Los modos de ser han sido construidos y por eso mismo pueden ser destruidos. Cuando el viento del cambio sopla en la historia, entendemos mejor esta frase de Gramsci: “Uno de los ídolos más comunes es el de creer que todo lo que existe es ‘natural’ que exista”. Porque es entonces, cuando una hegemonía comienza a resquebrajarse cuando nos preguntamos si lo que vemos es lo que hay, si no habrá otras cosas que no veíamos hasta ese momento, si lo que existe es lo que siempre tiene que existir.

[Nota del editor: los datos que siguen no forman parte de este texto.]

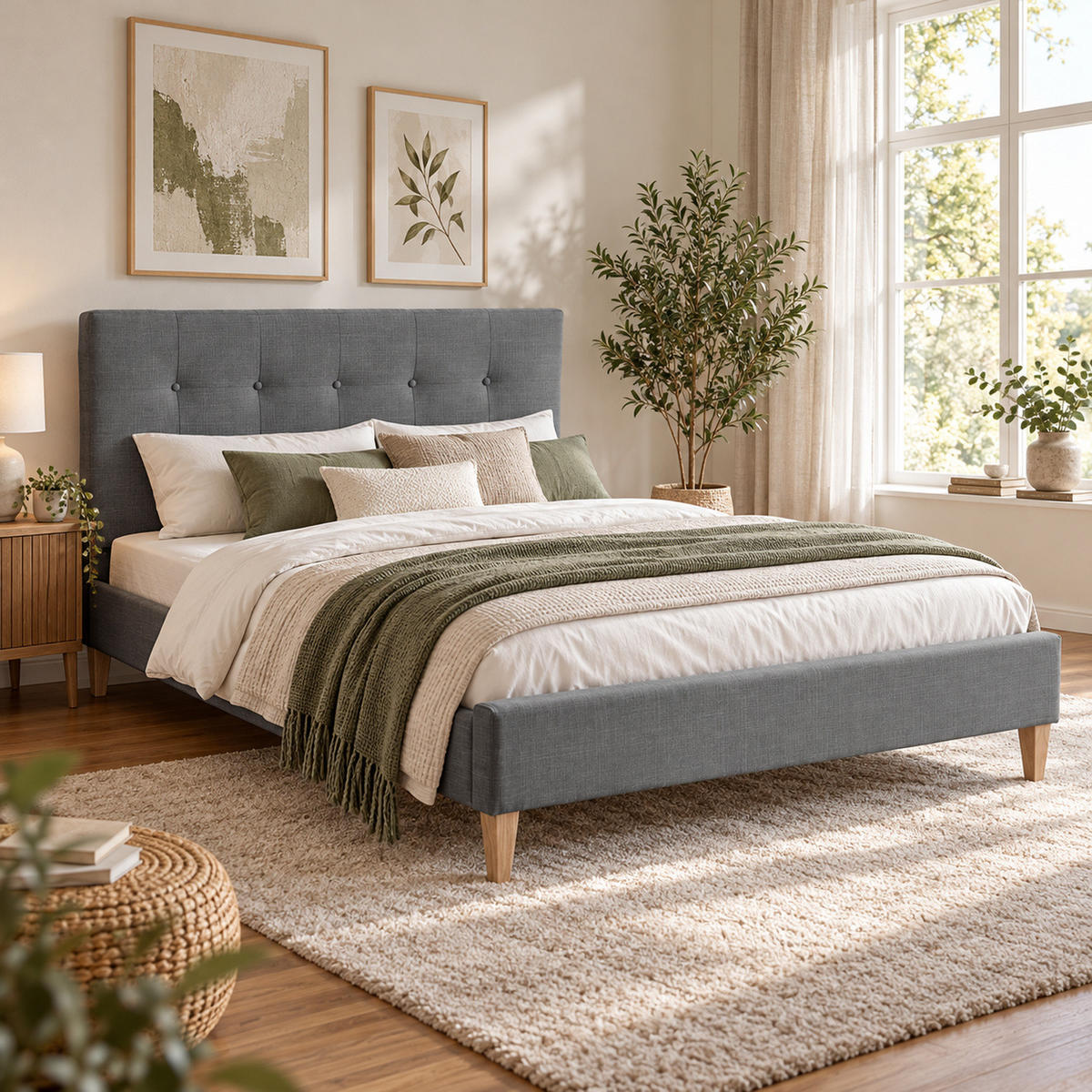 POLSTERBETT mit Lattenrost 180/200 cm in Grau - Grau, Textil (180/200cm) - Homestyle4u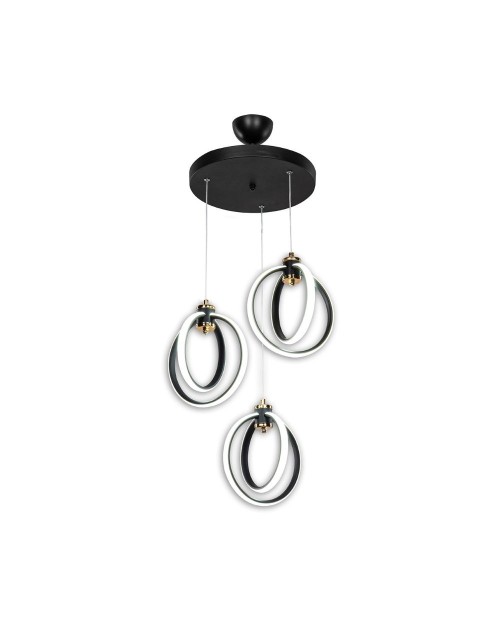 Lampada a sospensione tre punti luce cerchi LED Felicia ASZ1593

Empezamos a percibir el modo de ser de las cosas y si este no nos gusta, actuaremos para destruirlo porque sabemos que no es ‘natural’. Pero del mismo modo que construir una hegemonía es difícil y costoso, destruirla también lo es. Porque un modo de ser está encarnado en los comportamientos: destruir la ancestral relación hombre/mujer es una tarea que durará muchos años.

 

Otro ejemplo claro es el de la dicotomía “casta/ciudadanos”: se ha hecho visible algo que estaba ahí pero, al no ser nombrado, ni tener sentido, no era posible identificarlo. ‘Casta’ es un modo de ser creado gracias a la performatividad de un discurso. El país entero dice “ese es casta” o “yo no soy casta”. ¿Quiere esto decir que antes de nombrar a la casta esta no existía? La respuesta es sí y no. Existían comportamientos, gestos, acciones y palabras que sólo ahora con una mirada retrospectiva identificamos como casta. Podríamos decir que sí que existía pero sin forma, pero por eso mismo, porque sólo percibimos formas, ni existía ni tenía nombre. “Casta/ciudadanos” ha introducido una variación en el sentido común. Sólo es una batalla en la conquista de una nueva hegemonía: hacer que el poder deje de servir a los intereses del neoliberalismo será un proceso largo, pero esta batalla la hemos ganado.

 

A propósito de lo que se gana y se pierde, Errejón plantea el siguiente problema en su conversación con Mouffe: ¿cómo hacer para que ciertas conquistas sean irreversibles? Es un problema, por supuesto, para quienes defienden que los cambios sociales revolucionarios se tienen que llevar a cabo en una sociedad profundamente democrática, respetuosa de las libertades y del pluralismo. Un gobierno puede anular lo que el gobierno anterior ha conseguido.

 

Pero debo decir que no comparto su preocupación. Por un lado porque me parece que las conquistas que son reversibles, aun siendo importantes, no son tan fundamentales como las que lo son menos. Por ejemplo, la ley del aborto. Se puede intentar cambiar y anular, pero nunca más una mujer será perseguida y condenada a cárcel en nuestro país por haber abortado. Tendría que suceder una catástrofe, una guerra civil, para volver a tiempos pasados. Por otro lado, en efecto creo que no hay nada que sea absolutamente irreversible, es decir que, por supuesto, puede suceder ese desastre histórico que lo cambie todo hacia peor. Hay que ser coherente, si no hay Ser sino modos de ser, la permanencia de un modo de ser no es eterna.

 

A quienes se lamentaban porque la historia no camina hacia un final feliz, Foucault les decía que en efecto eso es triste, pero lo auténticamente triste es no luchar. Creo que Errejón y el resto de dirigentes de Podemos estarían totalmente de acuerdo con Foucault. Ellos saben que, en el terreno social y político, afirmar la imposibilidad de un cambio es una especie de profecía autocumplida. Y por eso se han peleado gritando “sí, se puede”.